Required work: Pull out of the data below the stretch of lines bounded by the one containing "بيت للبيع بناء حديث" and the one containing "#السعر 70 مليون وبي مجال", both bounds included, unchanged.

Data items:

== Segment start ==

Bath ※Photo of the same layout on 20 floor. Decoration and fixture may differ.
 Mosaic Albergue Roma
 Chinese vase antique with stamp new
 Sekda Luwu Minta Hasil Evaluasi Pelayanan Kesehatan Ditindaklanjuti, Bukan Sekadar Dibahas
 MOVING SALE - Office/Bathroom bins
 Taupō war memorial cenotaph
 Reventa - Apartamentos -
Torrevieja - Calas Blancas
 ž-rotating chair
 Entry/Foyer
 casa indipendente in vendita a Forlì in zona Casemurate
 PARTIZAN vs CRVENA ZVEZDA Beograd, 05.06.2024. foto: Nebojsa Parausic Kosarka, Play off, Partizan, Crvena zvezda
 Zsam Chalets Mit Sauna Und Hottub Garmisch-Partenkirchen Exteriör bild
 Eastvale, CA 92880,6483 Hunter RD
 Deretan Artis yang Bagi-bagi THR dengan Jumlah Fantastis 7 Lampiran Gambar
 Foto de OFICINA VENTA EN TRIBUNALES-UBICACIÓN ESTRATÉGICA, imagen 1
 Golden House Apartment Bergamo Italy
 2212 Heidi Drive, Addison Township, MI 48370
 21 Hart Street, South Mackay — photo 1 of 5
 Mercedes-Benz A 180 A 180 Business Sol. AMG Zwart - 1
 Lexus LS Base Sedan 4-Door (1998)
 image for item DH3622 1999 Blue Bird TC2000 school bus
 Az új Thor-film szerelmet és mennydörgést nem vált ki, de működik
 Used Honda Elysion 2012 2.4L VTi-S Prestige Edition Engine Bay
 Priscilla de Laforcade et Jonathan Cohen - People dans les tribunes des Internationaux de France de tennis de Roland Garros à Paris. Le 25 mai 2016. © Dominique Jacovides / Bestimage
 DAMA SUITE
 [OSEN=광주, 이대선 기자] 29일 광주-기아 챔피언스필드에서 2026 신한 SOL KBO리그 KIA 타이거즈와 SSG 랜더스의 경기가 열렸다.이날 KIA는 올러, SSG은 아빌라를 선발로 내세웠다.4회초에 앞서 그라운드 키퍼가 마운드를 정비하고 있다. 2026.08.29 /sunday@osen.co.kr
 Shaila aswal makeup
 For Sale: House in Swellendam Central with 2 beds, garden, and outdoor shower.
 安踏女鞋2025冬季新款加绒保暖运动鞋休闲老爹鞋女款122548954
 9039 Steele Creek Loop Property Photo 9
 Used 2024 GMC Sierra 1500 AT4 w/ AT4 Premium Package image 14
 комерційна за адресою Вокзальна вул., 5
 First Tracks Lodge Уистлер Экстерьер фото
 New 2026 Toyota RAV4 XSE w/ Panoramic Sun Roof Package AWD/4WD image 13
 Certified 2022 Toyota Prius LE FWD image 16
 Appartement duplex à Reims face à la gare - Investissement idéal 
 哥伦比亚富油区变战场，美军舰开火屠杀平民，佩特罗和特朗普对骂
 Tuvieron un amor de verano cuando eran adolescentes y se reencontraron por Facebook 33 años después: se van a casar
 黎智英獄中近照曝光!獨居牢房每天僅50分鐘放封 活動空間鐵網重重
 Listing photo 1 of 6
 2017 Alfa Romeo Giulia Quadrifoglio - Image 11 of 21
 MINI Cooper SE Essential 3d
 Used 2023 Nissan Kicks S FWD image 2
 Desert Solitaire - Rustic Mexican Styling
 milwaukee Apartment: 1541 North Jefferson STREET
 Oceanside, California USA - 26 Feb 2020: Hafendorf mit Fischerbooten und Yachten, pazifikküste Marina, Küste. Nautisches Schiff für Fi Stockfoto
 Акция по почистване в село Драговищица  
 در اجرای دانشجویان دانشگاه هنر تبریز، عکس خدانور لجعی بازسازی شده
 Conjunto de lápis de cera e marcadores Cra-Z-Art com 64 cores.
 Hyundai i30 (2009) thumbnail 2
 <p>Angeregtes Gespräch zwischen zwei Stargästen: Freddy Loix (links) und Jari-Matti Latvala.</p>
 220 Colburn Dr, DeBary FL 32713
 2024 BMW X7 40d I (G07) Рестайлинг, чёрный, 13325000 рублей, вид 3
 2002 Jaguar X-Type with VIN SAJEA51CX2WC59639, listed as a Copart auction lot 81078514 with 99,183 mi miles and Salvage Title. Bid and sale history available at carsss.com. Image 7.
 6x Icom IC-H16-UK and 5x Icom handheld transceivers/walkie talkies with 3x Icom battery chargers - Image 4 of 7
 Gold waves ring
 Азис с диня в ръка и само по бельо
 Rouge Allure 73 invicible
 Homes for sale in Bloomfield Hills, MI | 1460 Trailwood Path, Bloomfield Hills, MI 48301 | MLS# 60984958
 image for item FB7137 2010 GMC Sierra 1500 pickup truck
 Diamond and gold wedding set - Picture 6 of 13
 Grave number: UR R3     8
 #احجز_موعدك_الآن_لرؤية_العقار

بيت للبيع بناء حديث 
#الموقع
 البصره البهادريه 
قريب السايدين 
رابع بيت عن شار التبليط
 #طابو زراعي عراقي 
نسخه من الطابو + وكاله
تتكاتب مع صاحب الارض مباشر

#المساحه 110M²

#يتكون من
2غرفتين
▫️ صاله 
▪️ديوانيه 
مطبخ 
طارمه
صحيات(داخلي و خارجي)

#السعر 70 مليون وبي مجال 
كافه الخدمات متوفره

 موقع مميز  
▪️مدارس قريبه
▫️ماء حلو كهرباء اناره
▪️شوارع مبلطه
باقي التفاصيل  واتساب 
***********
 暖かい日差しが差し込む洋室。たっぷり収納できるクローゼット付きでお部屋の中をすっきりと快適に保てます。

== Segment end ==

Output below:
بيت للبيع بناء حديث 
#الموقع
 البصره البهادريه 
قريب السايدين 
رابع بيت عن شار التبليط
 #طابو زراعي عراقي 
نسخه من الطابو + وكاله
تتكاتب مع صاحب الارض مباشر

#المساحه 110M²

#يتكون من
2غرفتين
▫️ صاله 
▪️ديوانيه 
مطبخ 
طارمه
صحيات(داخلي و خارجي)

#السعر 70 مليون وبي مجال 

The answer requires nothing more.